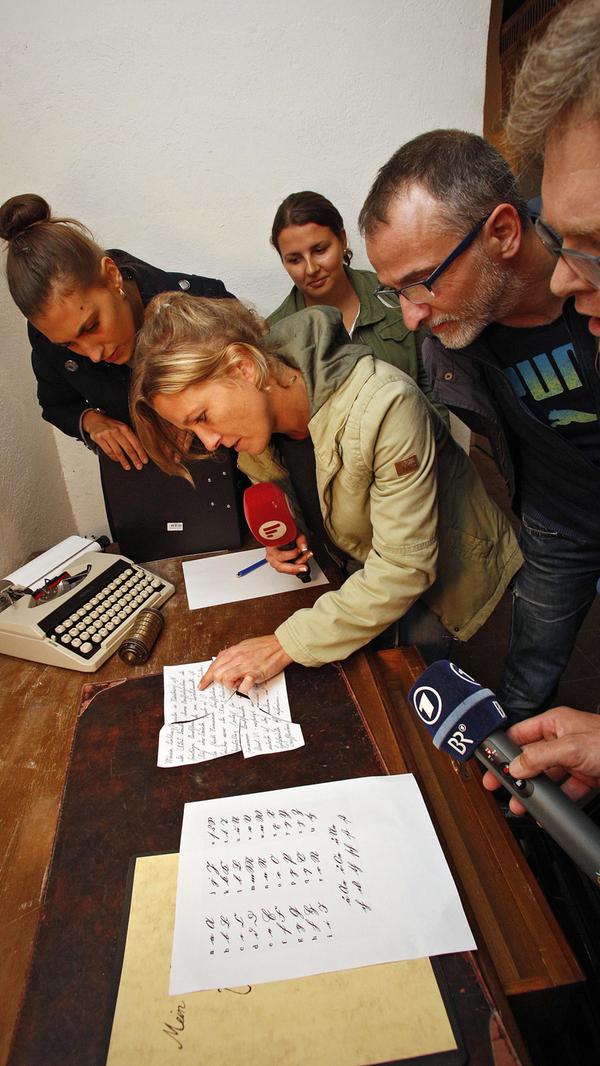 Ein Escape Room an Nürnbergs geheimnisvollstem Ort: den historischen Felsengängen. Hier können sich Abenteuerlustige ab sofort Aufgaben in einem historischen Escape Room stellen. Schon der Weg dorthin ist außergewöhnlich. Tief unten im Keller der Stadt wartet ein verborgenes Geheimnis, das darauf wartet, gelüftet zu werden. Eine Stunde haben zwei bis acht Teilnehmer ab 16 Jahren dafür Zeit. Mehr Infos zum Raum gibt es hier.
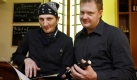 Kellner trotz HIV-Infektion: Die Nürnberger Aidshilfe betreibt das Restaurant Estragon, wo zwei Drittel der Belegschaft mit dem HIV-Virus infiziert sind. Foto: dpa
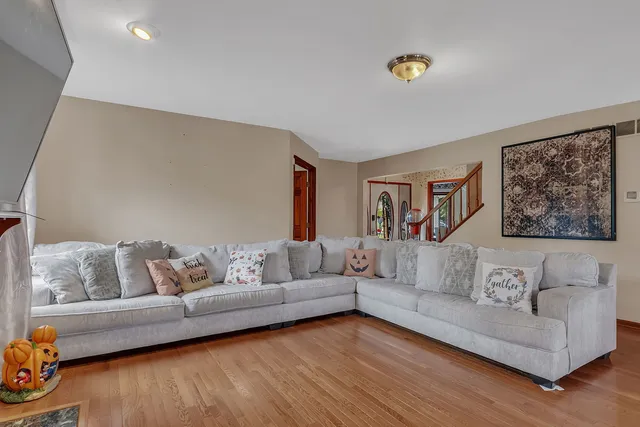 $548,000 | 1 Genesee Court, Bolingbrook, IL 60440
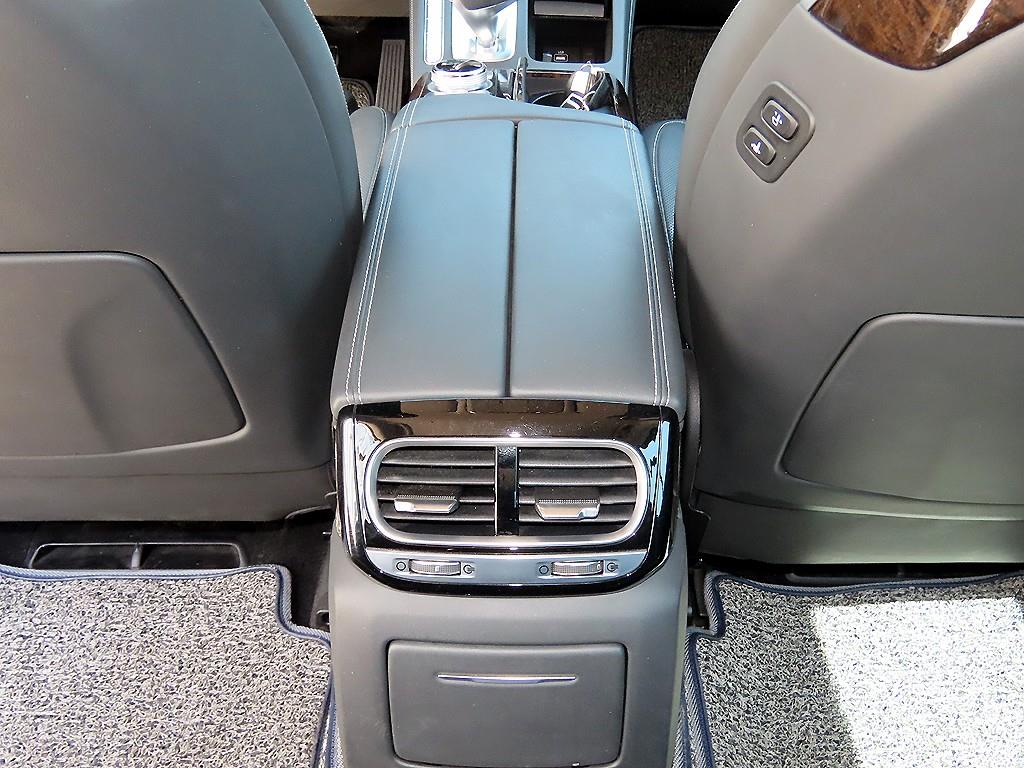 Genesis G90 2019 Negro - Importación desde Corea - HF Imports Iquique - Foto 16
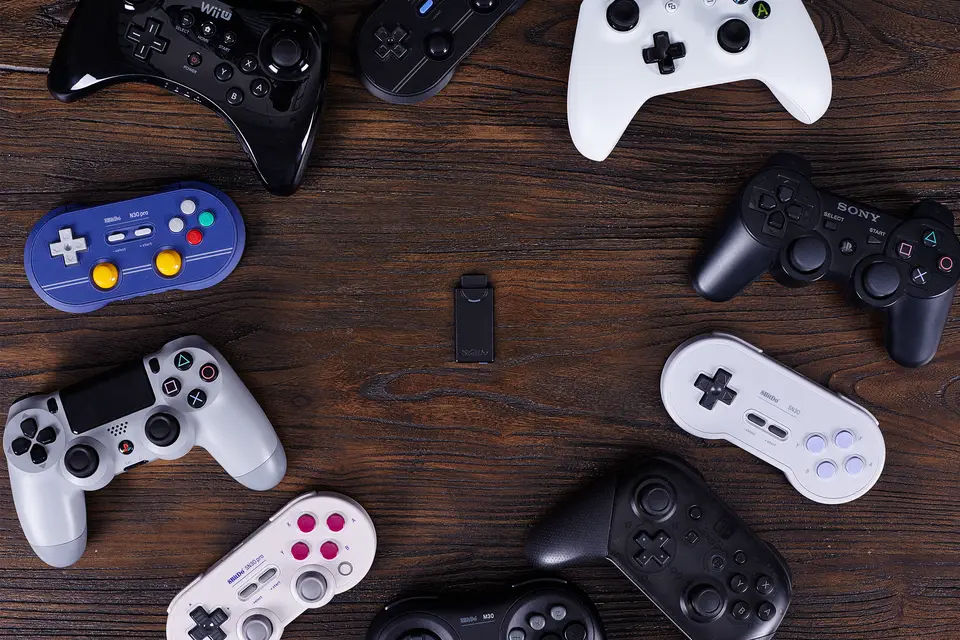 8BitDo Retro Receiver Wireless Bluetooth Adapter Dongle for The Original Sega Genesis and Mega Drive Analogue Mega SG Console - 6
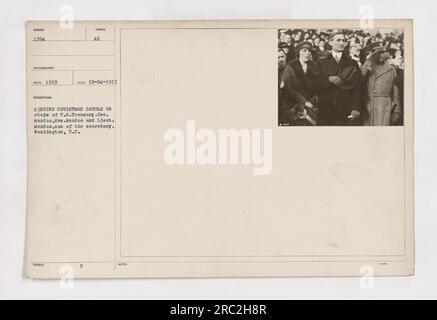 Gemeindechorus, der Weihnachtslieder auf den Stufen der USA singt Treasury Building in Washington, D.C. Minister McAdoo, Mrs. McAdoo, und Lieutenant McAdoo, Sohn des Sekretärs, anwesend. Foto aufgenommen am 24. Dezember 1917. Symbol AU und Beschreibung mit RECO 1919. Stockfoto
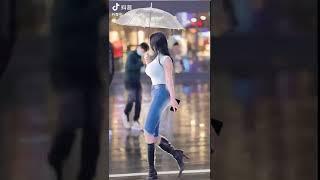 Chinese model on streets #shorts #beautiful #chinese #viralvideo #viral #catwalk #reels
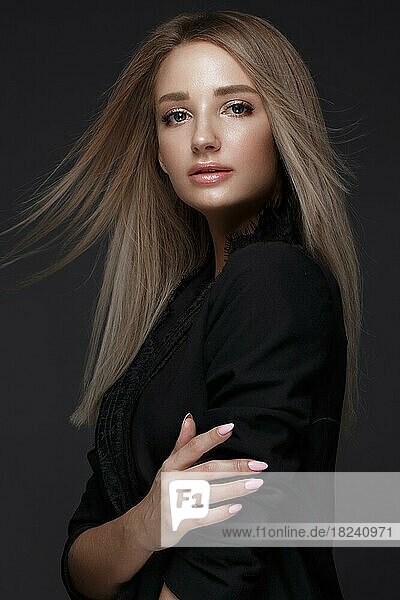 Schöne Frau mit Abend-Make-up und langen glatten Haaren  Smokey Eyes. Mode-Foto. Bild im Studio auf einem schwarzen Hintergrund genommen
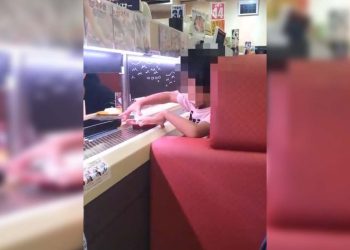 Japonya'da 'suşi terörü': Viral olmak isteyen üç genç gözaltına alındı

========================================

| PROBLEM TO WORK ON |
Your answer must be the lines from the one containing "Schöne Frau mit" through the last line of the records, copied exactly, with no pictures.

| EXERCISE SOLUTION |
 Schöne Frau mit Abend-Make-up und langen glatten Haaren  Smokey Eyes. Mode-Foto. Bild im Studio auf einem schwarzen Hintergrund genommen
 Japonya'da 'suşi terörü': Viral olmak isteyen üç genç gözaltına alındı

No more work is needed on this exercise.